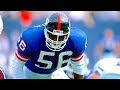 Barry Sanders on Playing Against Lawrence Taylor & Reggie White | The Rich Eisen Show | 1/29/20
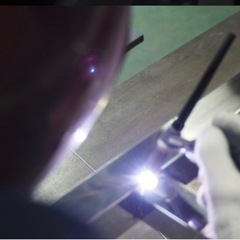 DIY、アイアン家具、カー/バイクカスタム  溶接加工などお手伝...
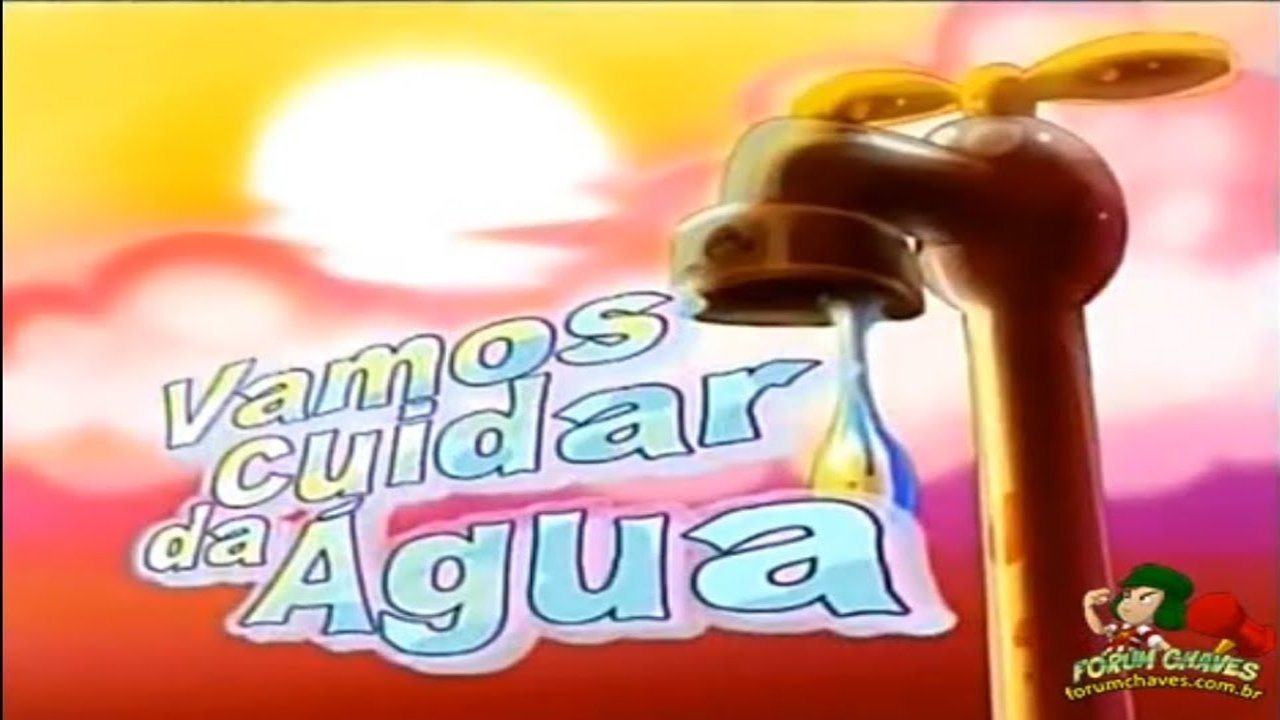 El Chavo: The Animated Series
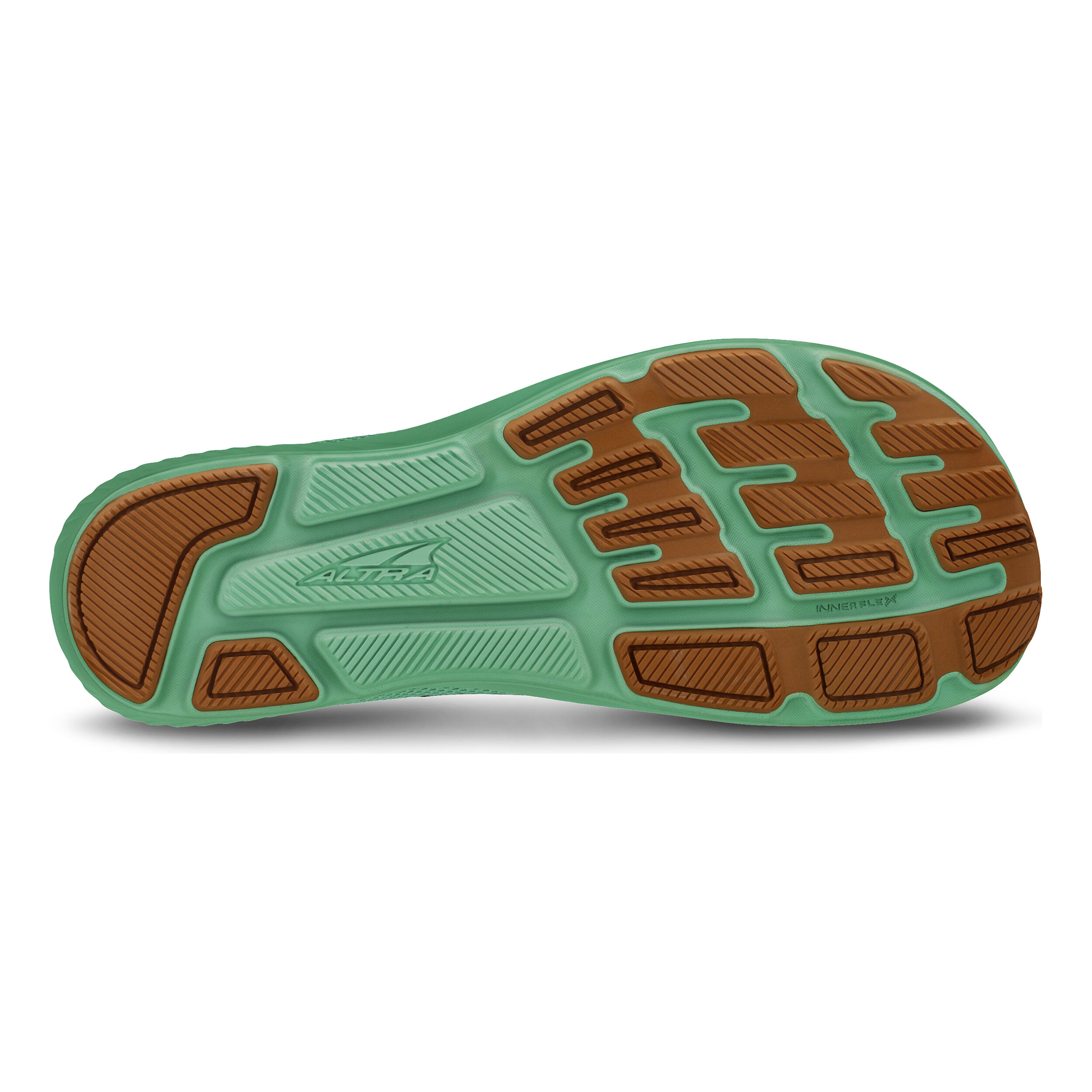 Escalante 4 Neutralschuh Damen - Mint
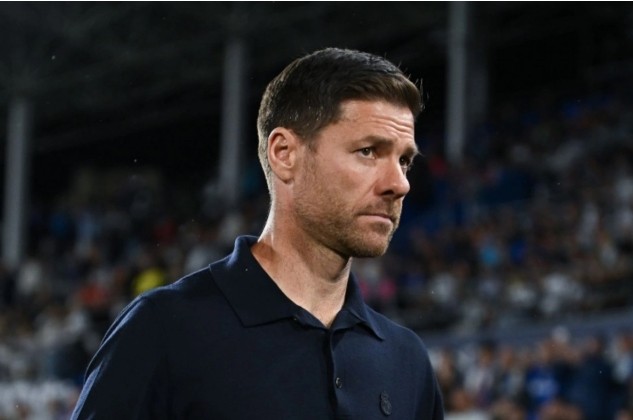 СМИ: Хаби Алонсо готов возглавить "Ливерпуль"
 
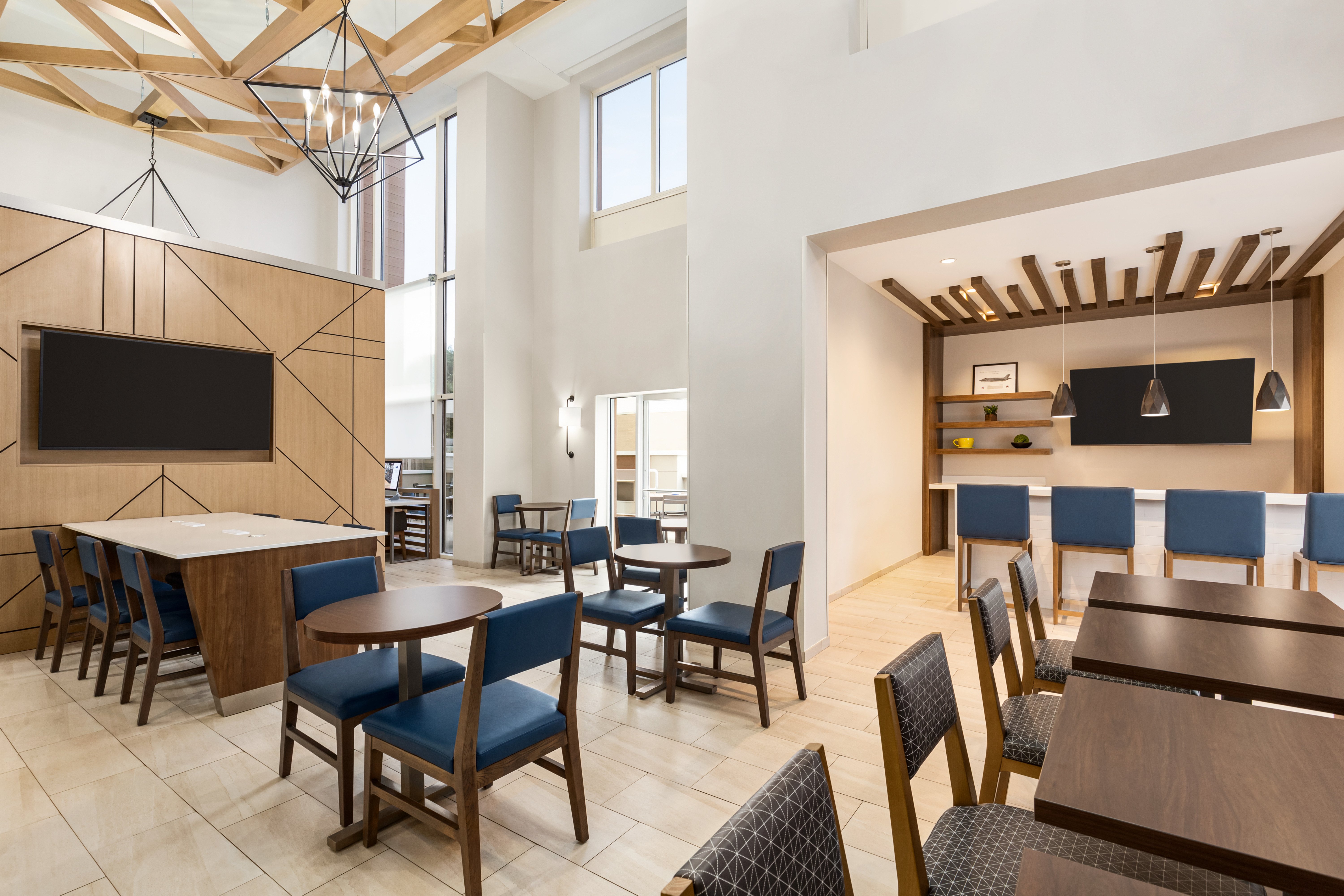 holiday inn express and suites tuscaloosa university by ihg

------------------------------------

PROMPT: Write out the records word for word. Pictures stay out.

WRITTEN SOLUTION:
 Barry Sanders on Playing Against Lawrence Taylor & Reggie White | The Rich Eisen Show | 1/29/20
 DIY、アイアン家具、カー/バイクカスタム  溶接加工などお手伝...
 El Chavo: The Animated Series
 Escalante 4 Neutralschuh Damen - Mint
 СМИ: Хаби Алонсо готов возглавить "Ливерпуль"
 
 holiday inn express and suites tuscaloosa university by ihg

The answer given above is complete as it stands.